Below is an interesting problem from the 2026 ICTM State Competition. It is a geometry question from the individual contest.
Math competitions are often won in the margins, but rarely is a single question so deceptive that it fools nearly every student in the room—and even the contest organizers themselves.
At the 2026 ICTM State Competition, one geometry problem from the individual contest did exactly that. It was a masterclass in “hidden assumptions.” By the time the dust settled, only one person had walked away with the correct answer. Even the original official answer key was wrong.
To solve the problem, one must first identify the volume of the original rectangular solid. The volume, V, = 5*12*4=240. Thus, the transformed solid must have twice the volume of the original, so the transformed solid has volume 480. In order to find potential values of k and w, it is intuitive to set up the following equation:
12*(5-k)*(4+w)= 480
Simplifying,
(5-k)*(4+w)=40
Now, it seems like all one must due to solve the question is find the ordered pairs (k,w) that satisfy this equation. Since k and w are positive, there are not that many possible values of k and w, and simple “plug and chug” logic reveals the following three solutions for k and w: (4, 36), (3, 16), (1,6).
Adding up the sums of the pairs yields: 4+36+3+16+1+6=66
This is the answer that most students who solved the question, and also ICTM obtained. However, a few hours after the individual contest, ICTM issued a correction and changed the accepted correct answer to the problem to 174. This was quite surprising to most people because the answer of 66 seems logically correct. I was quite confused when I first saw this, wondering where 174 came from.
Looking back at the work above, there is a critical flaw. The equation (5-k)*(4+w)=40 is correct, but so is (5-k)(4+w)= -40. This is because volume can never be negative.
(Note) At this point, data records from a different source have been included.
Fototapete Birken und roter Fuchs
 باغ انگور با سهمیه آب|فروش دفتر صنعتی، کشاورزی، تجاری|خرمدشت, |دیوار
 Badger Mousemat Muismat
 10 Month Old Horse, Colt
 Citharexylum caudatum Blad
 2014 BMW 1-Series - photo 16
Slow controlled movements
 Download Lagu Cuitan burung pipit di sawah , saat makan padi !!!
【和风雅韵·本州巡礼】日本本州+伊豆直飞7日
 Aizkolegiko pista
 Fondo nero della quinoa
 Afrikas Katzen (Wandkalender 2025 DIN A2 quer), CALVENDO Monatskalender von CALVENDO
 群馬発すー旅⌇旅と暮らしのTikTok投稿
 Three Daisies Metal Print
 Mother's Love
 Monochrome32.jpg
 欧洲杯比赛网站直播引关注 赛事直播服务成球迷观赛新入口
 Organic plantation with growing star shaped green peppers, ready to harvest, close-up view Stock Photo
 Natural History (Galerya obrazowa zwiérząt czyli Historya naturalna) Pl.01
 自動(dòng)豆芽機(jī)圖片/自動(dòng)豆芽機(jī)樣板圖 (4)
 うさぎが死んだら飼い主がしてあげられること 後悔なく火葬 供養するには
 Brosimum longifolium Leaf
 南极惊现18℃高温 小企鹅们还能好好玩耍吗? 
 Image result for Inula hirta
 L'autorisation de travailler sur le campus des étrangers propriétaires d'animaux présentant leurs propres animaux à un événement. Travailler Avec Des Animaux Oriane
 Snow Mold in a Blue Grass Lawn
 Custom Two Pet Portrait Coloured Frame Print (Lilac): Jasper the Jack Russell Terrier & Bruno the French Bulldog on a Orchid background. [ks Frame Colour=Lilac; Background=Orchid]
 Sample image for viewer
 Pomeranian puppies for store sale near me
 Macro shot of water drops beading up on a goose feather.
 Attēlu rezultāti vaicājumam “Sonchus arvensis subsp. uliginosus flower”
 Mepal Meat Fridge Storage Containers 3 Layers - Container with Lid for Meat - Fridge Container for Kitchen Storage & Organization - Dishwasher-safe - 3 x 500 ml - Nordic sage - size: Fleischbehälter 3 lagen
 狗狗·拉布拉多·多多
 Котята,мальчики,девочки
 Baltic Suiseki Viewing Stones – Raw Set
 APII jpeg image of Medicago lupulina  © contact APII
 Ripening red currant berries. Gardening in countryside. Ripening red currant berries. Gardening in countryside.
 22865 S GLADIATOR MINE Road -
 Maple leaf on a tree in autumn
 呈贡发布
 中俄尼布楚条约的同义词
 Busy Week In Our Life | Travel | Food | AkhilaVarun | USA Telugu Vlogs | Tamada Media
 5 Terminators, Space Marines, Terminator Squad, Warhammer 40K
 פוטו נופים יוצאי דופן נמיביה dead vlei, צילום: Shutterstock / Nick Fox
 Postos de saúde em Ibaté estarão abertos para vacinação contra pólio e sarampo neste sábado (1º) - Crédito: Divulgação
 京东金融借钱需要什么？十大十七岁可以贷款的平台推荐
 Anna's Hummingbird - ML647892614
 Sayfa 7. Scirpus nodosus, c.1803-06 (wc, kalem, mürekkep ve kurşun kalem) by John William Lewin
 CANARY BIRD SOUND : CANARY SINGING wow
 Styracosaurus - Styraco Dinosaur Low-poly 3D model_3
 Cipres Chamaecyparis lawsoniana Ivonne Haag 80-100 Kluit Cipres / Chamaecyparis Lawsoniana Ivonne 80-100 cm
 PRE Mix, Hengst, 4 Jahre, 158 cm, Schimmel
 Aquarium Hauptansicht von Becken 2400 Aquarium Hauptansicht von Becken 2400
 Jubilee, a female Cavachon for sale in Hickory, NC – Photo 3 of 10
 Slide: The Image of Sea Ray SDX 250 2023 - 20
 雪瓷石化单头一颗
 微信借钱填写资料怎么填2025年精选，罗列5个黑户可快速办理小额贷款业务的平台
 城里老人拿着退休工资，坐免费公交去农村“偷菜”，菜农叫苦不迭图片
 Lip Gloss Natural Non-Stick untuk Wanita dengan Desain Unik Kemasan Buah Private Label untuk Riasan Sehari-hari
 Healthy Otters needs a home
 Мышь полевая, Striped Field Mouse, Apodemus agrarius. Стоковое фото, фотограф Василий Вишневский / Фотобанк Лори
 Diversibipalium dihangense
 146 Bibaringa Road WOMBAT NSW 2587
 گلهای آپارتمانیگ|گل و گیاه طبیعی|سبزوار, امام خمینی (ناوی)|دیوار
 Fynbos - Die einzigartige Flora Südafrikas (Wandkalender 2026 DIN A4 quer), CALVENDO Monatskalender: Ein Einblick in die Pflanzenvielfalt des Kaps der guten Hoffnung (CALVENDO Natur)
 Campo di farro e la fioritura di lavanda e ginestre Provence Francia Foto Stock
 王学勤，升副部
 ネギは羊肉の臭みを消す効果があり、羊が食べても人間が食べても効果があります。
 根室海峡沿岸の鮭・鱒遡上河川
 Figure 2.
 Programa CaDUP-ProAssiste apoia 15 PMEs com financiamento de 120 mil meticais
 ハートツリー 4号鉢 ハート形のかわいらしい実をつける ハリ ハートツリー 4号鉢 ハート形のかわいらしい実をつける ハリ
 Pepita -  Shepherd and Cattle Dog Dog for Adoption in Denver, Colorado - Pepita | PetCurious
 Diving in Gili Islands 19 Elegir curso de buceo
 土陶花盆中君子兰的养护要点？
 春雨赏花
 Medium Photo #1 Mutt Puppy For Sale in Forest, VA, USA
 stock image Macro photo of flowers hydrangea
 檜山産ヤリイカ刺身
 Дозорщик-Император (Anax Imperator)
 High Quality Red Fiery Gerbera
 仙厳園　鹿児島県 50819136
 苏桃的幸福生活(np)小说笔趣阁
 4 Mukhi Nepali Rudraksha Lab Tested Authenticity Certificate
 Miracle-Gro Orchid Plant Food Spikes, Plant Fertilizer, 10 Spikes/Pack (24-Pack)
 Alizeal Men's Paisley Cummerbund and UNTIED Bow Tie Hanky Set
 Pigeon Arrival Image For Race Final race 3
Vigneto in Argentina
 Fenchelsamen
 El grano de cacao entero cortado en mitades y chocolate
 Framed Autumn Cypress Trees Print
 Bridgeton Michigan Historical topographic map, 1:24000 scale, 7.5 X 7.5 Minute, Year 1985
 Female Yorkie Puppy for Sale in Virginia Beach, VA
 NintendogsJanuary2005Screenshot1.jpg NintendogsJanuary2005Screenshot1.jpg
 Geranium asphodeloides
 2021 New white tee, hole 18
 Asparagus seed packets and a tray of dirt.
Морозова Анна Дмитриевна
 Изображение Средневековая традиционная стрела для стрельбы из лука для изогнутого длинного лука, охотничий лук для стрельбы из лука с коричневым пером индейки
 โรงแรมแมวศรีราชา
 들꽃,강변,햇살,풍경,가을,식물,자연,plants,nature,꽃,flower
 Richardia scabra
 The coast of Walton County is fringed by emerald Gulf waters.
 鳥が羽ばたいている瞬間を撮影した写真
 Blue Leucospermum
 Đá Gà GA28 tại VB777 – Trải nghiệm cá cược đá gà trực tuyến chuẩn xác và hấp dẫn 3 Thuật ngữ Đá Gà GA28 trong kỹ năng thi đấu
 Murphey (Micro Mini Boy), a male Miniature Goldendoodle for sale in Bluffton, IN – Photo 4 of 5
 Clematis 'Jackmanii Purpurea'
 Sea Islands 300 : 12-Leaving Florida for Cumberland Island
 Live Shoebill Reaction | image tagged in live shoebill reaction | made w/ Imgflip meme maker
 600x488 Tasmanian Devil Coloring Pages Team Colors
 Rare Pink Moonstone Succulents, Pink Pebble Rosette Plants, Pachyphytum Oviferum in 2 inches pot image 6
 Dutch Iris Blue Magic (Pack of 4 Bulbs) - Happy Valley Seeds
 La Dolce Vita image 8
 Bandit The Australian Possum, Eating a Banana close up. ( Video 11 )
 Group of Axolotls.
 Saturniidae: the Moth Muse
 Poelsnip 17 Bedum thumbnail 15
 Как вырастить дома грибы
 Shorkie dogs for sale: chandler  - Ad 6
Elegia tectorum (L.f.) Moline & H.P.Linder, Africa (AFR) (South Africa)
Although the ordered pair solutions for k and w would result the rectangular solid extending into the negative x or negative z directions, the problem never stated this wasn’t allowed, and the volume of the solid is still 480. The problem only stated that k and w had to be positive integers.
Solving for the values of k and w that satisfy the equation reveals the following ordered pairs for k and w:
(6, 36), (7, 16), (9, 6), (10, 4), (13, 1)
Adding up the sums of these ordered pairs yields: 6+36+7+16+9+6+10+4+13+1=108.
Adding 108 to our original answer of 66 (because those solutions are still valid as well) yields: 108+66=174.
Overall, these “hidden” solutions that were overlooked by so many people, including the creators of the contest, demonstrate the true beauty of math. The solutions were always there, hidden behind a simple absolute value sign, that most people were unable to see.
During the contest, when I solved the problem, the thought of these additional solutions never crossed my mind. Although I ended up getting second place in the individual geometry contest due to this question and the question cost me 1st place, I am still very happy with my results and am excited for next year’s ICTM math team state competition.